2.0 La disposition fidéicommissaire relative aux enfans d'Adrien est doublement vicieuse.

Elle est prohibée par l'article 896 du Code Napoléon.

Elle n'est pas valable, puisqu'elle n'est faite qu'au profit de ceux des enfans d'Adrien qui ne sont pas établis par mariage, et non en faveur de tous ses enfans nés et à naître, condition sans laquelle elle n'est point permise, suivant l'article 1050.

Elle est encore nulle, parce qu'il n'est permis au frère de substituer ses neveux ou nièces qu'en grati-. fiant leur père, soit par institution, donation ou legs.

Ici Adrien Drion ne reçoit aucune libéralité; il n'est ni donataire, ni institué, ni légataire: ses enfans sont appellés à la mort de François leur oncle, seul grevé.

Les articles 1048 et 1049, qui sont des exceptions à · la règle générale établie par l'article 896, doivent être réservés dans les cas formellement exprimés.

Ces articles, très-clairement expliqués par l'article subséquent, n'autorisent la substitution qu'en faveur des enfans du grevé; il n'y a de grevé que celui qui reçoit à charge de conserver et de rendre ; donc la disposition relative aux enfans d'Adrien non gratifié est nulle: elle sort de l'exception pour rentrer dans la règle pro-hibitive.

Il en est de même du legs de 6000 francs fait à ceux des enfans d'Adrien non encore mariés; ce legs contient évidemment une substitution fideicommissaire réciproque, prohibée par l'article 896.

Tous ces moyens furent suivis d'un entier succès par jugement du 20 novembre 1807; le tribunal de l'arrondissement de Charleroi annulla l'institution universelle et les charges apposées à cette institution, mais il ordonna le paiement des legs particuliers : il paraît que cet objet n'avait pas été traité en première instance sous son véritable point de vue; ce jugement fut déféré à la connaissance de la Cour d'Appel par François Drion.

La cause prit un nouveau degré d'intérêt sur une question non agitée devant le premier juge : l'institution universelle serait-elle nulle pour le tout, ou la nullité serait-elle limitée au seul genre de biens substitués ?

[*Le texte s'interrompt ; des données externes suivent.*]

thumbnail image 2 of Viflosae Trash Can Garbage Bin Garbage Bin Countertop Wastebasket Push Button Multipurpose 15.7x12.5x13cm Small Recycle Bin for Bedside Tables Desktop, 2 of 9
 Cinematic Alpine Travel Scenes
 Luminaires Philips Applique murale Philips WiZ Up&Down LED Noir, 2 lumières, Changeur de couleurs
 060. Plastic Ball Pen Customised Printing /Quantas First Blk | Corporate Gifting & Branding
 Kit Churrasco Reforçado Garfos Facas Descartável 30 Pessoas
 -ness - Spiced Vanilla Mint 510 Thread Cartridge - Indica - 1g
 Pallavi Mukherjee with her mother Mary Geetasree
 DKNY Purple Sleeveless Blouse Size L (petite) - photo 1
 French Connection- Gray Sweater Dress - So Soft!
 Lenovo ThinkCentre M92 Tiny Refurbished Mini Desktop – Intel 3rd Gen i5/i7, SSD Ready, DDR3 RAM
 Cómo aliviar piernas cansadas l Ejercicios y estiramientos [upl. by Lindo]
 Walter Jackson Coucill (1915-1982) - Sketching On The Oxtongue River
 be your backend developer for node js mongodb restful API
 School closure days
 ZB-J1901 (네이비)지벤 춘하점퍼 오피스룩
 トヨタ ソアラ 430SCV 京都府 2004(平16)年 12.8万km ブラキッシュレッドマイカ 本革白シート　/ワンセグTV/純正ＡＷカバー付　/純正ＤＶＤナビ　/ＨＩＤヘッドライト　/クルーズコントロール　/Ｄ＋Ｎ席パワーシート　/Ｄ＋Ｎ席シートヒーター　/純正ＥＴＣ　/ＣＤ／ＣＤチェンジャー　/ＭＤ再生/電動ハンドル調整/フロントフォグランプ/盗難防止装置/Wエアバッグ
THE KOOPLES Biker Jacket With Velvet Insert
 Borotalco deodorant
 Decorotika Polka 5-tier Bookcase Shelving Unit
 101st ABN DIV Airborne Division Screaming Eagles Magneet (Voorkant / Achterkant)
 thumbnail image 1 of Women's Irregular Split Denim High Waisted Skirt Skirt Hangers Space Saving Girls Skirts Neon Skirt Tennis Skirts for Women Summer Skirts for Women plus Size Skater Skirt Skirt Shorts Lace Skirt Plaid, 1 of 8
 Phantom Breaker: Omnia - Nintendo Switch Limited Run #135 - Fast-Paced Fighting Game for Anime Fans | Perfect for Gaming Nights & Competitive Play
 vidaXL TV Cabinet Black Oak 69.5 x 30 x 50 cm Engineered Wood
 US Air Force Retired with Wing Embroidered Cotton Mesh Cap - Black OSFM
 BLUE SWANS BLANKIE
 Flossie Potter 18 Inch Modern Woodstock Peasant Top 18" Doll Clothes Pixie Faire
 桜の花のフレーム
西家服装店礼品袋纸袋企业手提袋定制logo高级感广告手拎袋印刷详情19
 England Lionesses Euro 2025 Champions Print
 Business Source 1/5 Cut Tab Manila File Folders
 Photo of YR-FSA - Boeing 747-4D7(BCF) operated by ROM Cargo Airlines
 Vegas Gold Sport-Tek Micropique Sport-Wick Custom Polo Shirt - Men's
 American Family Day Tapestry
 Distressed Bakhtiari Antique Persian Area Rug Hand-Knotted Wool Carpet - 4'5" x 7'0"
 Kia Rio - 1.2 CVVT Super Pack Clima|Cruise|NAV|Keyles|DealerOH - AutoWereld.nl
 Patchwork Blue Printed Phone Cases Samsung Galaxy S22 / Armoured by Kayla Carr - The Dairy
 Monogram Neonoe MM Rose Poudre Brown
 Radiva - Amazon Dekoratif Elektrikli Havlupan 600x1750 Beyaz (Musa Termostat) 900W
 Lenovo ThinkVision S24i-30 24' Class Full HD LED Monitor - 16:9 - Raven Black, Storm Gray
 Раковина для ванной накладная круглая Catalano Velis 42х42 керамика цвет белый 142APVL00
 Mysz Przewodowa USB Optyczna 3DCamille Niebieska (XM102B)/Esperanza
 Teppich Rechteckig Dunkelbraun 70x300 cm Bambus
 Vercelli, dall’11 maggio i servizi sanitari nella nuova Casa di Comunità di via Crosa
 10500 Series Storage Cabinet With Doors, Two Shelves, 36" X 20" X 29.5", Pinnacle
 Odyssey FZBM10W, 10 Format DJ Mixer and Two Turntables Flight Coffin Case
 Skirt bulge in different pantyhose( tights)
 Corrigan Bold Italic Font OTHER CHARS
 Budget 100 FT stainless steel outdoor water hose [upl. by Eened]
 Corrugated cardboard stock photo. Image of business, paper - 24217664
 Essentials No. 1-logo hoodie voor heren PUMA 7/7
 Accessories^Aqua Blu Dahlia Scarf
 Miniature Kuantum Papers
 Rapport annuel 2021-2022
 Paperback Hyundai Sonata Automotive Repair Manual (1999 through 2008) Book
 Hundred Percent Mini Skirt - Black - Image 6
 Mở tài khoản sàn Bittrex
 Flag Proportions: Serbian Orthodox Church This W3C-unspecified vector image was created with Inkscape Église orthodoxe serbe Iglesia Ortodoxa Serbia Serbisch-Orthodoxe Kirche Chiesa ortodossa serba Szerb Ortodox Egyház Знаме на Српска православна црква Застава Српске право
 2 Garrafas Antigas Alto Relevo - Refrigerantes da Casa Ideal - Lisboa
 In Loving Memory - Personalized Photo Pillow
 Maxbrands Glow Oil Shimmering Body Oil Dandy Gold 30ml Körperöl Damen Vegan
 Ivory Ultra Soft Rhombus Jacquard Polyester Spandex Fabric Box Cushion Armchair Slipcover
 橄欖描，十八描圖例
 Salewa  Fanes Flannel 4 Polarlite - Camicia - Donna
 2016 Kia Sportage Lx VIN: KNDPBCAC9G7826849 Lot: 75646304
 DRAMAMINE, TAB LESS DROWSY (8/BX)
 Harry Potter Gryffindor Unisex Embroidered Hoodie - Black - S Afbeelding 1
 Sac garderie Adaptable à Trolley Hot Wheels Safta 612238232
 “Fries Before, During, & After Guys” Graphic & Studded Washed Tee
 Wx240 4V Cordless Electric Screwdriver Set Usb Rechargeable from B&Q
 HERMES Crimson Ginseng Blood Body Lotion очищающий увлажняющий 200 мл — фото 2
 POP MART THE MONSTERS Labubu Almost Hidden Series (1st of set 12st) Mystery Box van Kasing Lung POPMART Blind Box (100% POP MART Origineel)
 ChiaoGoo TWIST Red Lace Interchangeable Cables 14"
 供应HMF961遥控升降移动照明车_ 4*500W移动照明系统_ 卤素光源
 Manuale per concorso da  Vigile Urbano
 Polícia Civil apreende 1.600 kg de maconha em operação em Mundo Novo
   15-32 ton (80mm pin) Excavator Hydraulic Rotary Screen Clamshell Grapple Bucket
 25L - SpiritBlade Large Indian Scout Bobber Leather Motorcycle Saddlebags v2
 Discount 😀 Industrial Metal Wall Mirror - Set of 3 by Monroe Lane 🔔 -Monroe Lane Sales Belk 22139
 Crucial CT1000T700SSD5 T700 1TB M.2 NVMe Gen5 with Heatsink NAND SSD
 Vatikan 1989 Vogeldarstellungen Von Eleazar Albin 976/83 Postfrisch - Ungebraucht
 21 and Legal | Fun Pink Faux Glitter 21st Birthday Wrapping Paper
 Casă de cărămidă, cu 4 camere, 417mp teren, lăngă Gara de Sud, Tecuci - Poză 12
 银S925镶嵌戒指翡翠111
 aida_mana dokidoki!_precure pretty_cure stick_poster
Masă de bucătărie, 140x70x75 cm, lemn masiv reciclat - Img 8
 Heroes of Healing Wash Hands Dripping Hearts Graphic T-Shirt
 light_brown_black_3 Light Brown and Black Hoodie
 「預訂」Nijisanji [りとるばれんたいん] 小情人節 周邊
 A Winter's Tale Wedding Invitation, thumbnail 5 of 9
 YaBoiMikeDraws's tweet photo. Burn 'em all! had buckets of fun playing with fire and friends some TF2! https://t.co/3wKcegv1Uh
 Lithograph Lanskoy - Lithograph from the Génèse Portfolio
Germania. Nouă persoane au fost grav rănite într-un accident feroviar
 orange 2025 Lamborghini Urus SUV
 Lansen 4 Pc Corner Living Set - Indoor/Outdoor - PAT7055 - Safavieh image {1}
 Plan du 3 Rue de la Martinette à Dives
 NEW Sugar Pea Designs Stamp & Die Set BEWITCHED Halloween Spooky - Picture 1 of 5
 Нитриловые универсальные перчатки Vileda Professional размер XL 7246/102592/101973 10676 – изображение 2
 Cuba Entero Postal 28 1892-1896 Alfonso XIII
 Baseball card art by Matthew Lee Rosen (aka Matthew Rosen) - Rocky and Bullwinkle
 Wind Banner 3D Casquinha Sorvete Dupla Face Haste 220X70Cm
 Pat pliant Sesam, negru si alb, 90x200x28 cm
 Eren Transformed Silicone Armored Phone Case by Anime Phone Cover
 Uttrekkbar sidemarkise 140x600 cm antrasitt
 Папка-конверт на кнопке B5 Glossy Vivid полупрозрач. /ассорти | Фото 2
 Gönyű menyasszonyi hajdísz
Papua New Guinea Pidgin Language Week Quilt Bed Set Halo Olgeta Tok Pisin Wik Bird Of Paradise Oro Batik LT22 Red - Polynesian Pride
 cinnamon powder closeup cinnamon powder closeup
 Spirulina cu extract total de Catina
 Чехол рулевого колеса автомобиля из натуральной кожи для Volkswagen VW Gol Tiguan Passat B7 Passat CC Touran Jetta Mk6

On a vu que la charge imposée à François Drion de conserver et de rendre à ses deux enfans ne frappait que sur les immeubles : de ce que la substitution des immeubles serait nulle et emporterait la nullité de l'institution de cette partie, François Drion soutenait qu'il ne s'ensuivait pas que le mobilier dût être enveloppé dans la nullité; il prétendait au surplus que l'institution était entièrement valable.

C'est ici que François Drion renouvelait la discussion sur le sens du paragraphe de l'article 896 : la nullité de la substitution emporte-t-elle la nullité de l'institution?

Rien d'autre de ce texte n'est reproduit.